WORK INSTRUCTION: Skip the pictures, and retype the data below in full, exactly.

GIVEN MATERIAL:
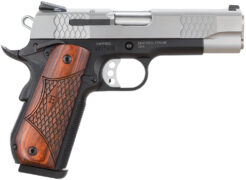Smith & Wesson 1911 E-Series Pistol Rental | .45 ACP | 4.25in | Black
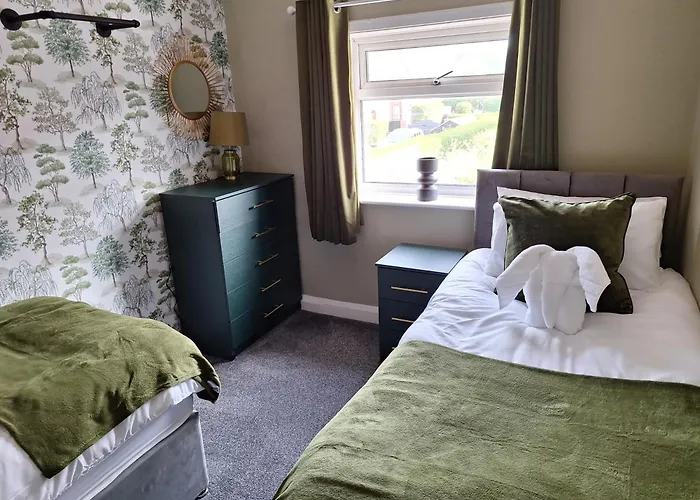 Fieldside House Holiday home *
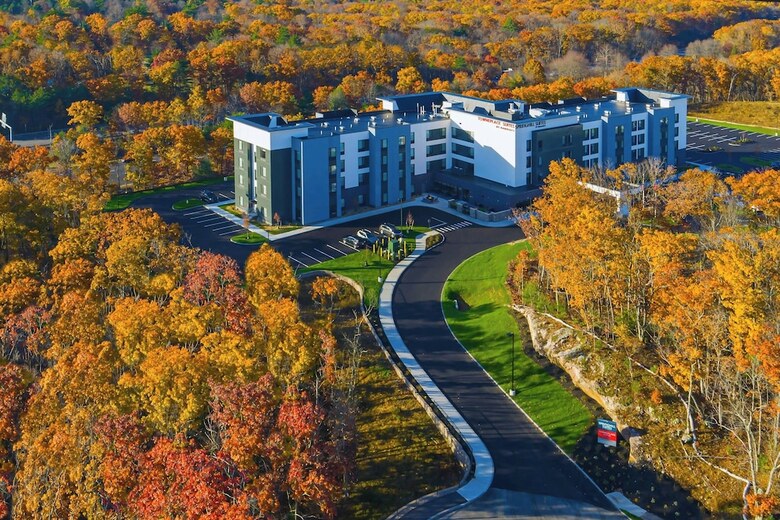 Hotel Towneplace Suites By Marriott Wrentham Plainville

EXERCISE SOLUTION:
Smith & Wesson 1911 E-Series Pistol Rental | .45 ACP | 4.25in | Black
 Fieldside House Holiday home *
 Hotel Towneplace Suites By Marriott Wrentham Plainville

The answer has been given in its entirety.